Task goal:
Count how many lines in the data below include "from". Answer with the number only.

Data records:
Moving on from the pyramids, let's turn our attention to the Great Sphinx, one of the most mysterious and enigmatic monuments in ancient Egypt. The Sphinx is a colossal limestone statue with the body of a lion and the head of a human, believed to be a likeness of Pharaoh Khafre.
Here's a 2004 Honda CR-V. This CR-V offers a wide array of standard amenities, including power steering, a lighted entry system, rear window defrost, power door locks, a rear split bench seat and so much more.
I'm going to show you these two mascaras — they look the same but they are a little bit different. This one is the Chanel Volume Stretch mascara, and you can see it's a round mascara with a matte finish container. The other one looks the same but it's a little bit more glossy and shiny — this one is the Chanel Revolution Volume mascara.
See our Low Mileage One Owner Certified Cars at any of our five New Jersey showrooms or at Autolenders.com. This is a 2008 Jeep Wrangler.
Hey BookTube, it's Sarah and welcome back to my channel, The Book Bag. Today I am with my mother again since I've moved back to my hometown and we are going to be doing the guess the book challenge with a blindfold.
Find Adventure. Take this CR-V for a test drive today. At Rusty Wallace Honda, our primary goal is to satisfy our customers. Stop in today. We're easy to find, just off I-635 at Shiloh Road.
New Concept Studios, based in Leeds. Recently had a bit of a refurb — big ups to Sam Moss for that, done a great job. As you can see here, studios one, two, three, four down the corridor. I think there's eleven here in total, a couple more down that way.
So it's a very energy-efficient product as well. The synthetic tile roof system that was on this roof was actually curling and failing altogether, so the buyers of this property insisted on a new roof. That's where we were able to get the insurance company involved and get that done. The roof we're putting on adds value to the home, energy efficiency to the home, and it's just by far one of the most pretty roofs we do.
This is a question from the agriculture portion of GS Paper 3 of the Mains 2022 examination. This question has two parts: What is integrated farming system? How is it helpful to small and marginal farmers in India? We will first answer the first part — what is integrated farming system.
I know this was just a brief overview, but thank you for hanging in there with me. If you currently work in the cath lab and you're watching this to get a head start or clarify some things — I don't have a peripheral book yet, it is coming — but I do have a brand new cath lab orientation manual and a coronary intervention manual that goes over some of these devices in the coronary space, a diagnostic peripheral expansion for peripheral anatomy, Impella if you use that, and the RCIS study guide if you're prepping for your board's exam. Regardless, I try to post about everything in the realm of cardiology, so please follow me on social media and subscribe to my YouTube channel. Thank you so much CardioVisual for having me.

Result below:
2